BNF for simple chemical formula (no nesting)

    integer :: '0'..'9'+
    element :: 'A'..'Z' 'a'..'z'*
    term :: element [integer]
    formula :: term+


BNF for nested chemical formula

    integer :: '0'..'9'+
    element :: 'A'..'Z' 'a'..'z'*
    term :: (element | '(' formula ')') [integer]
    formula :: term+

"""

LPAR,RPAR = map(Suppress,"()")
integer = Word(nums)

# add parse action to convert integers to ints, to support doing addition 
# and multiplication at parse time
integer.setParseAction(lambda t:int(t[0]))

element = Word(alphas.upper(), alphas.lower())
# or if you want to be more specific, use this Regex
# element = Regex(r"A[cglmrstu]|B[aehikr]?|C[adeflmorsu]?|D[bsy]|E[rsu]|F[emr]?|"
#                 "G[ade]|H[efgos]?|I[nr]?|Kr?|L[airu]|M[dgnot]|N[abdeiop]?|"
#                 "Os?|P[abdmortu]?|R[abefghnu]|S[bcegimnr]?|T[abcehilm]|"
#                 "Uu[bhopqst]|U|V|W|Xe|Yb?|Z[nr]")

# forward declare 'formula' so it can be used in definition of 'term'
formula = Forward()

term = Group((element | Group(LPAR + formula + RPAR)("subgroup")) + 
                Optional(integer, default=1)("mult"))

# define contents of a formula as one or more terms
formula << OneOrMore(term)


# add parse actions for parse-time processing

# parse action to multiply out subgroups
def multiplyContents(tokens):
    t = tokens[0]
    # if these tokens contain a subgroup, then use multiplier to
    # extend counts of all elements in the subgroup
    if t.subgroup:
        mult = t.mult
        for term in t.subgroup:
            term[1] *= mult
        return t.subgroup
term.setParseAction(multiplyContents)

# add parse action to sum up multiple references to the same element
def sumByElement(tokens):
    elementsList = [t[0] for t in tokens]

    # construct set to see if there are duplicates
    duplicates = len(elementsList) > len(set(elementsList))
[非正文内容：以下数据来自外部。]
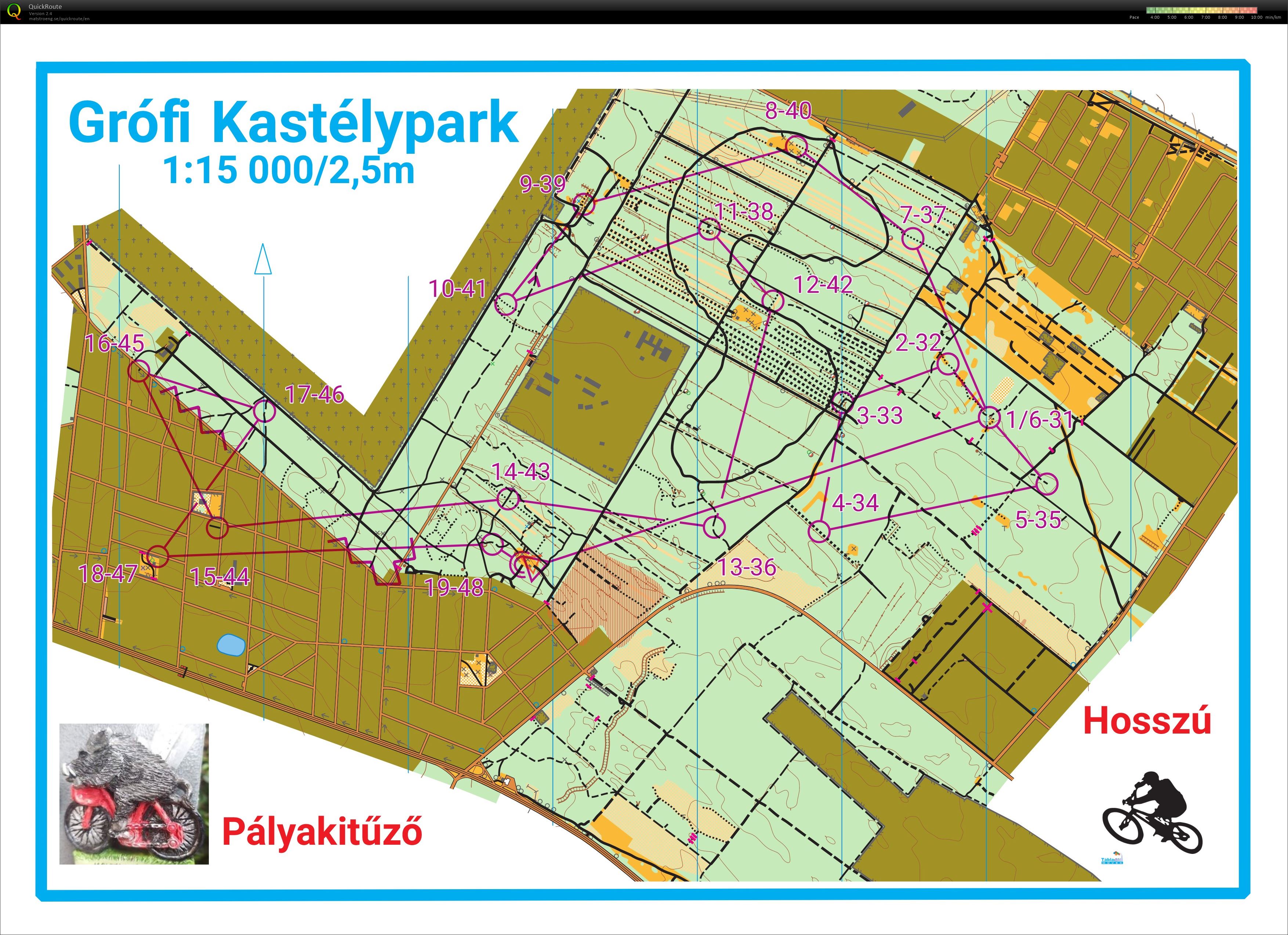Csütörtöki Tájbringa Széria 11. (2023-06-22)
    # if there are duplicate element names, sum up by element and
    # return a new nested ParseResults
    if duplicates:
        ctr = defaultdict(int)
        for t in tokens:
            ctr[t[0]] += t[1]
        return ParseResults([ParseResults([k,v]) for k,v in ctr.items()])
formula.setParseAction(sumByElement)


# run some tests
tests = """\
    H
    NaCl
    HO
    H2O
    HOH
    (H2O)2
    (H2O)2OH
    ((H2O)2OH)12
    C6H5OH
    """.splitlines()
for t in tests:
    if t.strip():
        results = formula.parseString(t)
        print t, '->', dict(results.asList())

打印出来:

H -> {'H': 1}
NaCl -> {'Na': 1, 'Cl': 1}
HO -> {'H': 1, 'O': 1}
H2O -> {'H': 2, 'O': 1}
HOH -> {'H': 2, 'O': 1}
(H2O)2 -> {'H': 4, 'O': 2}
(H2O)2OH -> {'H': 5, 'O': 3}
((H2O)2OH)12 -> {'H': 60, 'O': 36}
C6H5OH -> {'H': 6, 'C': 6, 'O': 1}
于 2013-09-01T04:11:22.143 回答
1

我想我自己已经找到了解决方案。我必须创建一个递归函数来分析结果并根据需要输出列表,每个元素及其化学计量没有嵌套。我不得不稍微修改我的起始代码,并为我的目的使用命名结果:

from pyparsing import Word, Group, ZeroOrMore, Combine,\
     Optional, OneOrMore, ParseException, Literal, nums,\
     Suppress, Dict, Forward

caps = "ABCDEFGHIJKLMNOPQRSTUVWXYZ"
lowers = caps.lower()
digits = "0123456789"
integer = Word( digits )
parl = Literal("(").suppress()
parr = Literal(")").suppress()

element = Word( caps, lowers )
separator = Literal( "," ).setParseAction(lambda s,l,t: t[0].replace(',','.')) | Literal( "." )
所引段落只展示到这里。